British filmmaker Mike Leigh’s new movie about a woman caught between depression and rage has something to say about people who are secretly in pain.

Hard Truths stars Marianne Jean-Baptiste and Michele Austin
Hard Truths stars Marianne Jean-Baptiste and Michele Austin

“Stuff happens when I go out,’’ Pansy (an extraordinary Marianne Jean-Baptiste) tells her sister Chantelle (Michele Austin) at a pivotal moment in the contemporary drama Hard Truths, written and directed by veteran British filmmaker Mike Leigh.

“What stuff?’’ asks Chantelle, who at 53 is a few years younger than Pansy, and far happier. “People,’’ her sister replies.

This goes to the core of Pansy’s overbearing, abrasive, alienating attitude but does not explain the cause of it. We have to wait for that. When it comes it is unsettling.

The setting is London and Pansy and Chantelle, a hairdresser, and their families are middle class. Chantelle, full of laughter and good cheer, is single and has two adult daughters, one in law school, the other working for a skin care company.

In the opening scenes we see Pansy being rude to her taciturn plumber husband Curtley (David Webber), their 22-year-old son Moses (Tuwaine Barrett), who still lives at home and seems to have no friends, and anyone else she meets when she does leave the house.

She berates her doctor and dentist, insults people in the supermarket check-out queue — “You’re standing there like an ostrich,’’ she tells a tall white woman — and almost has a fight with a man in the car park.

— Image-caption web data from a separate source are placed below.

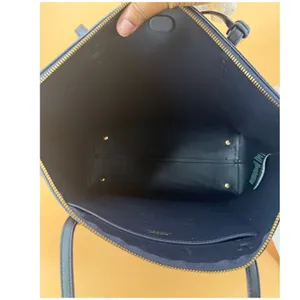 Lauren Ralph Lauren Tote Bag Women OS Blue Red Plaid Faux Leather Quiet Luxury thumbnail 8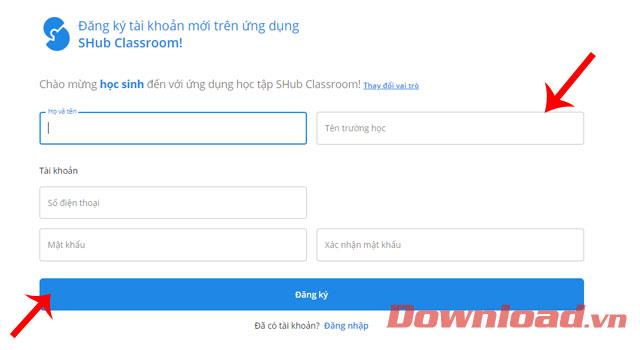 Instructions pour créer un compte SHub Classroom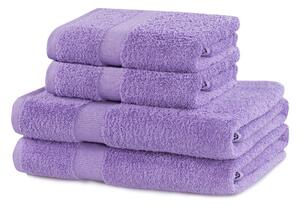 Sada světle fialových ručníků DecoKing Niki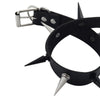 Black Spike Choker Punk Faux Leather Collar For Girls Handmade Chocker Goth Style Necklace Gothic Accessories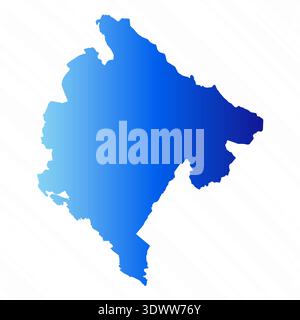 Gradient Simple Montenegro Map Background, vector editable design, can be used for business or presentation design. Stock Vector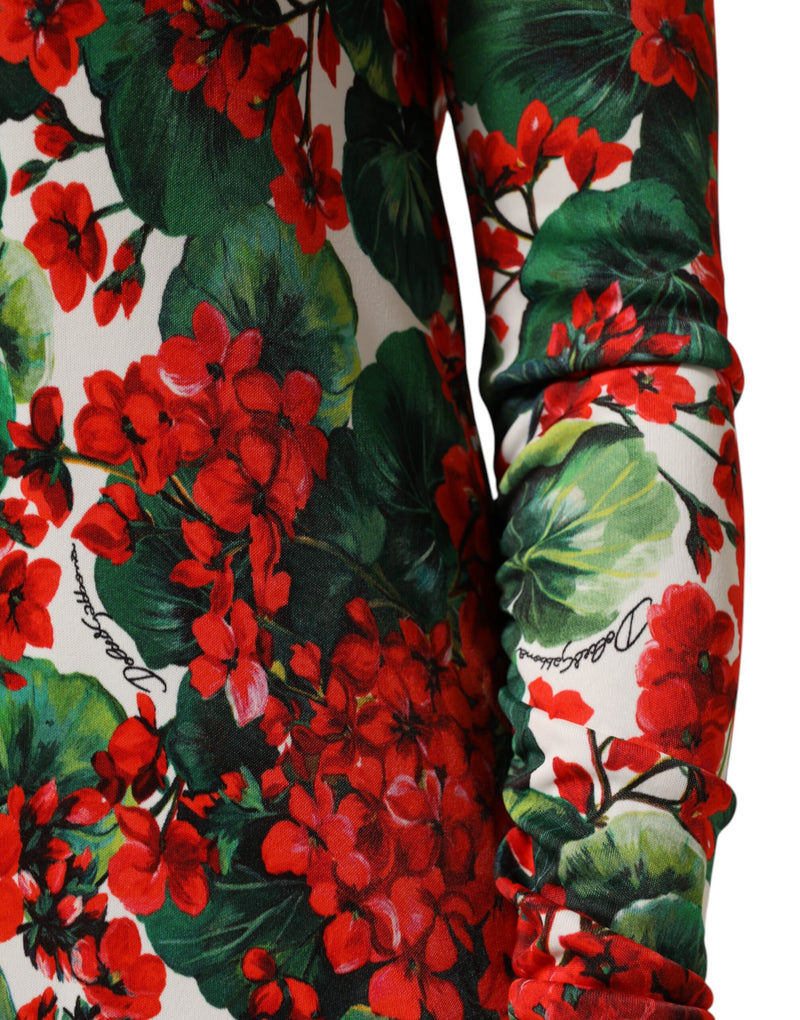 Vestido curto Portofino floral multicolorido Dolce & Gabbana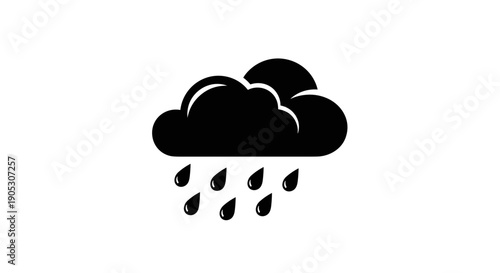 Black Cloud with Rain Drops 8.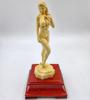 Wooden carving figurine Nude fine wooden total height [Goddess/Beautiful Girl] figure, art, sculpture, boxwood, 25.5cm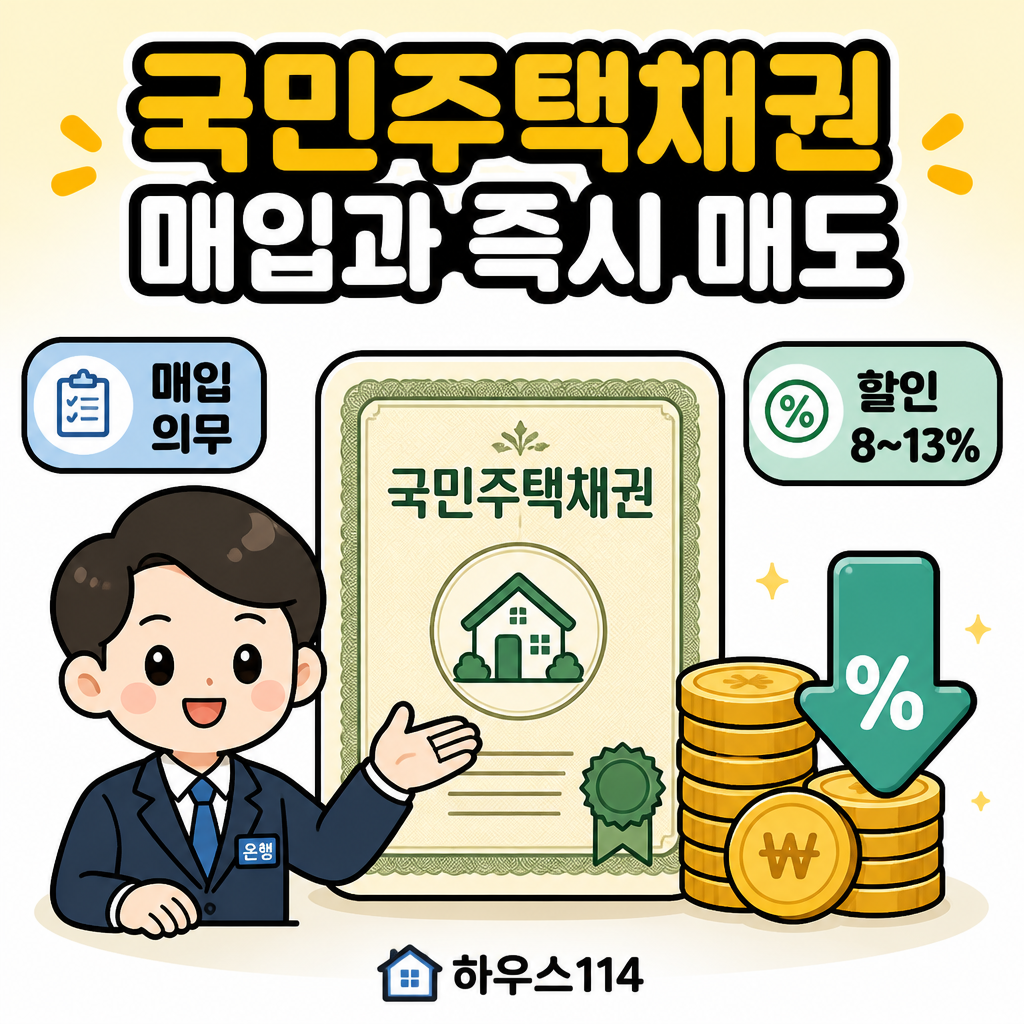 국민주택채권 매입과 즉시 매도 인포그래픽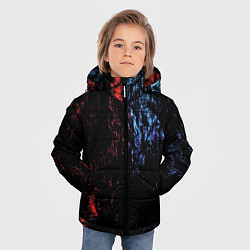 Куртка зимняя для мальчика Потёртая, цвет: 3D-черный — фото 2
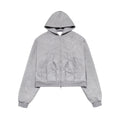 Design Knotted Asymmetrical Short Hooded Sweatshirt for Men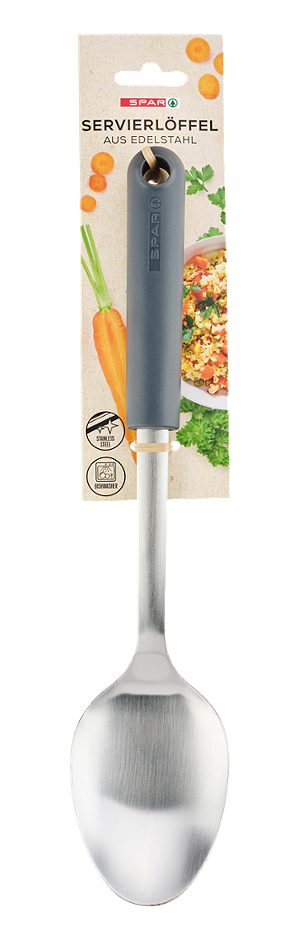 SPAR Servierlöffel 33 cm mit ergonomischen Silikongriff 1 STK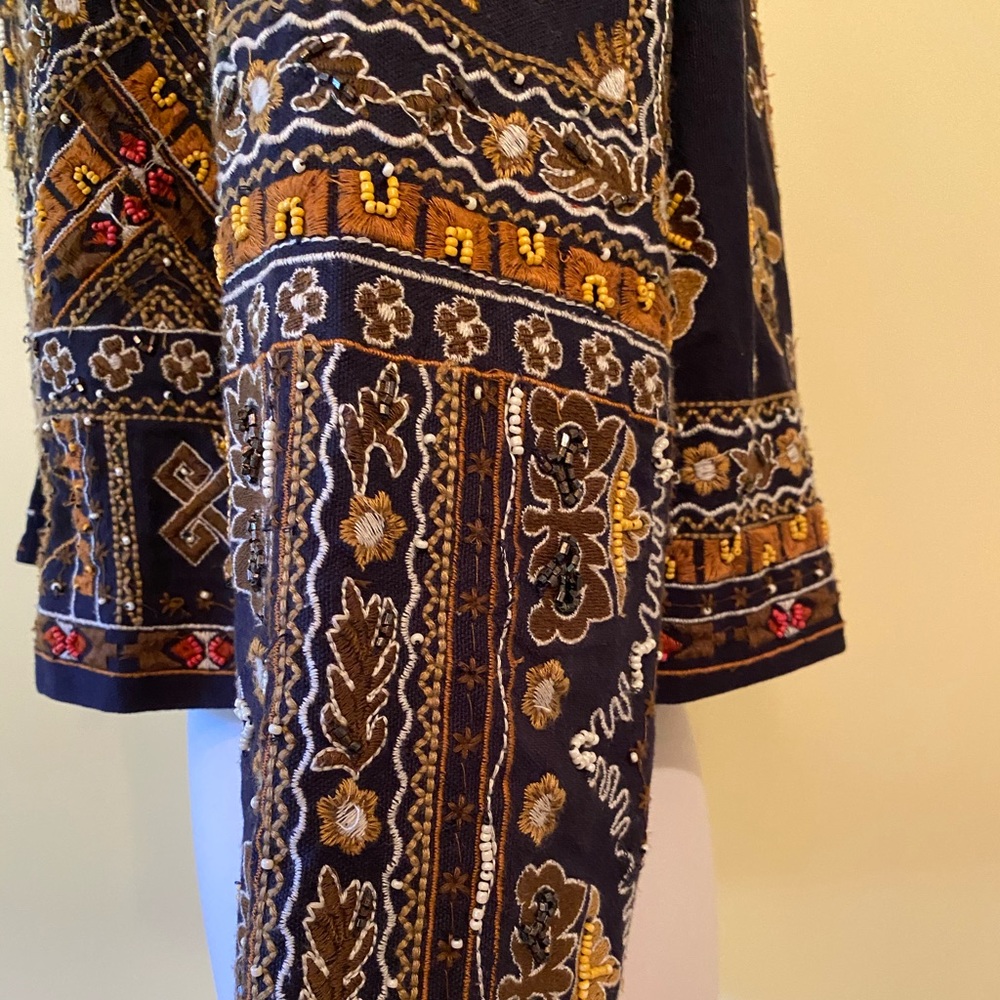 Zara Beaded Embroidered Jacket - Picture 12 of 13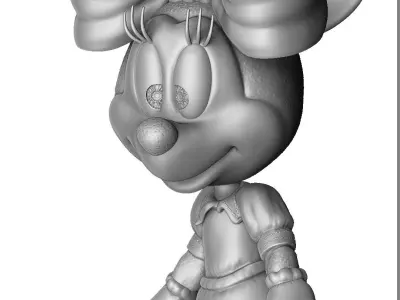Minnie Mouse Oops for 3d print  assembly model 3D print model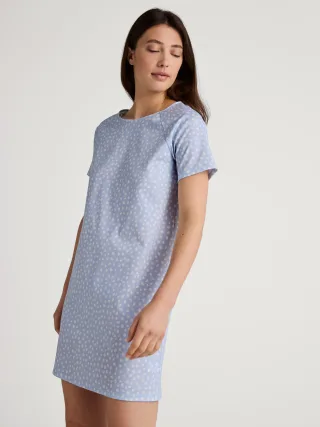 CALIDA - DAMEN Nachthemd harmony blue - Gr. - L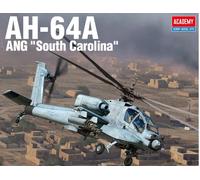 Ah-64A ANG Caroline Du Sud Hélicoptère 1:35 Kit De Modèle En Plastique ACADEMY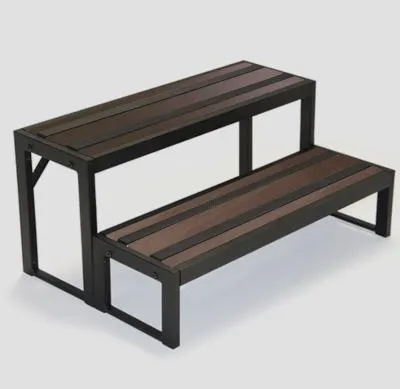 Produktbild von Villeroy & Boch Whirlpool Treppe Select Woodland Brown Whirlpooltreppe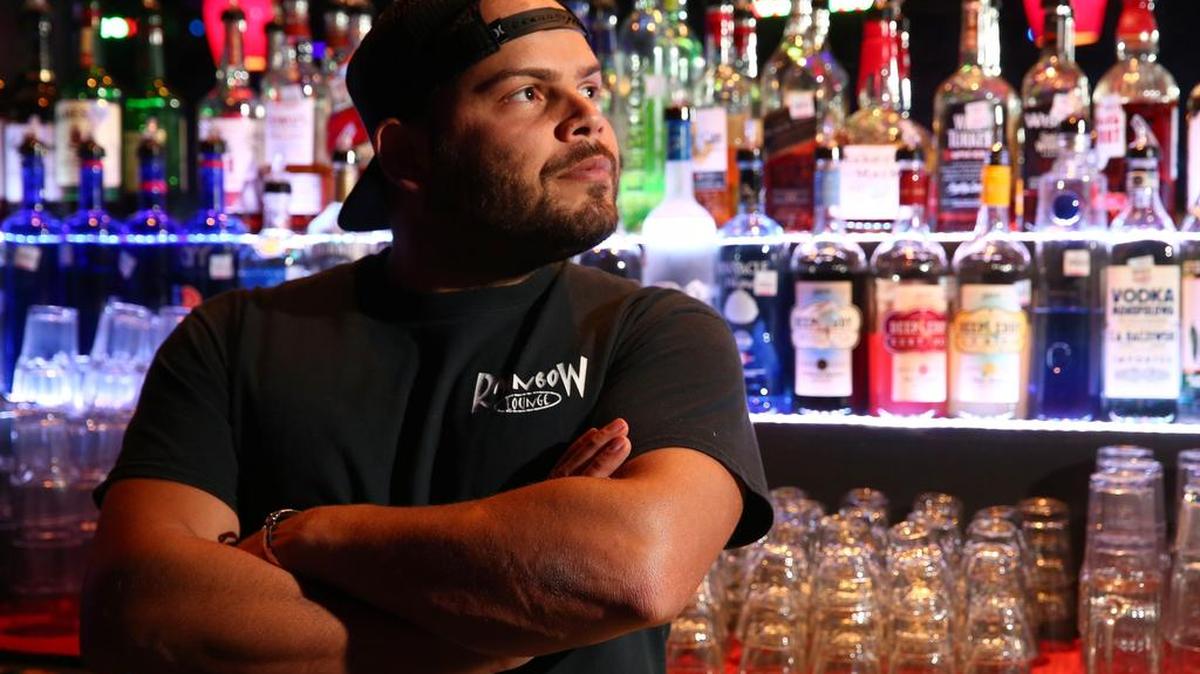 Jose Montañez, general manager, at the Rainbow Lounge in Fort Worth Sunday afternoon.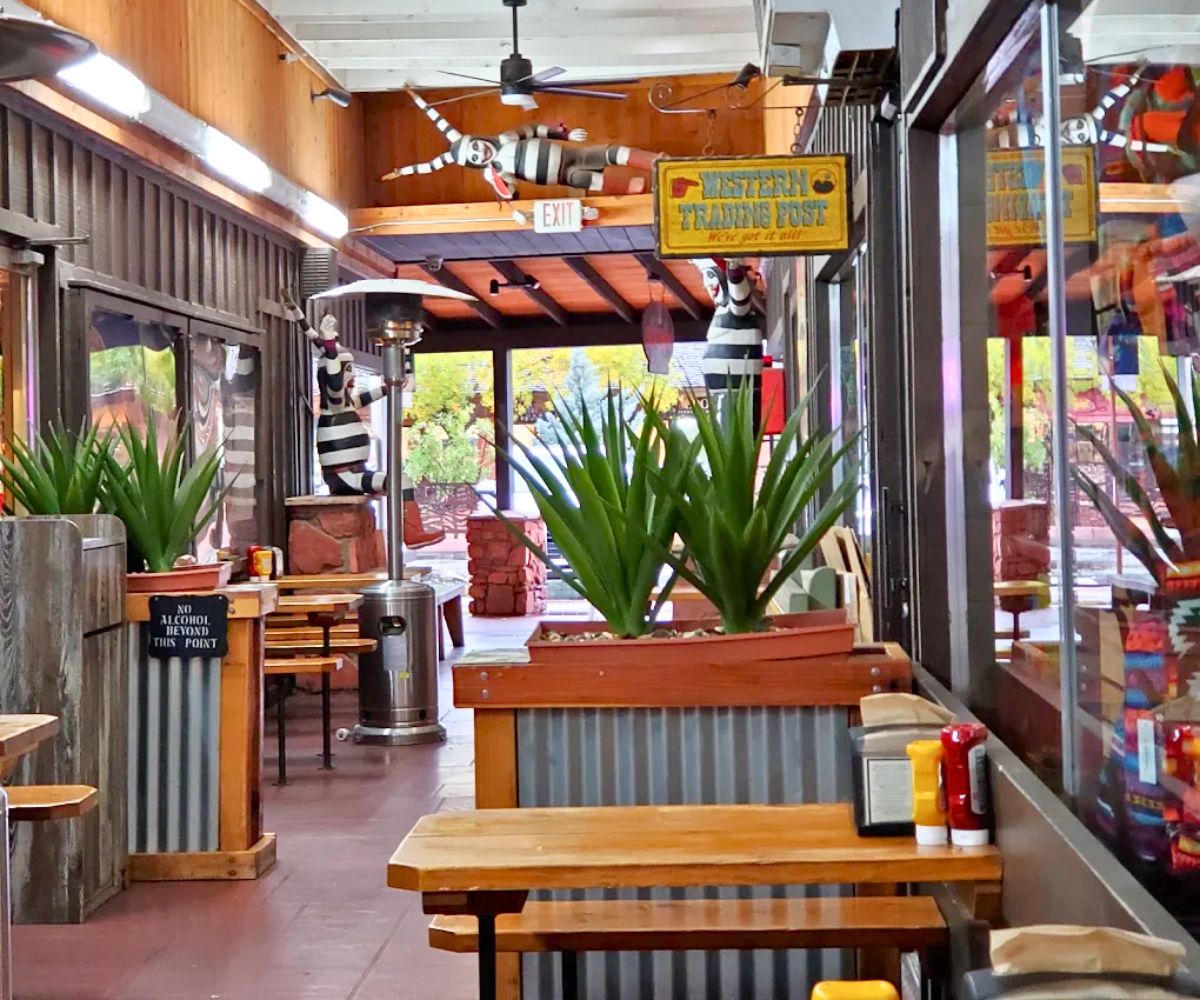 interior of Outlaw Grille in Sedona, AZ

There is no barrier between what she thinks and what she says.

Initially this has comic moments, akin to take-no-prisoners Larry David in the 1999-2024 television series Curb Your Enthusiasm, but it soon becomes overbearing, for Pansy and everyone around her. The director, whose 1971 debut feature is titled Bleak Moments, is not known for comedies.

Pansy is caught, almost immobilised, between depression and rage. She is unwell and needs help. It’s not forthcoming from her husband or son, who are zombie-like in her presence. They do not want to ask questions that they fear will lead to hard truths.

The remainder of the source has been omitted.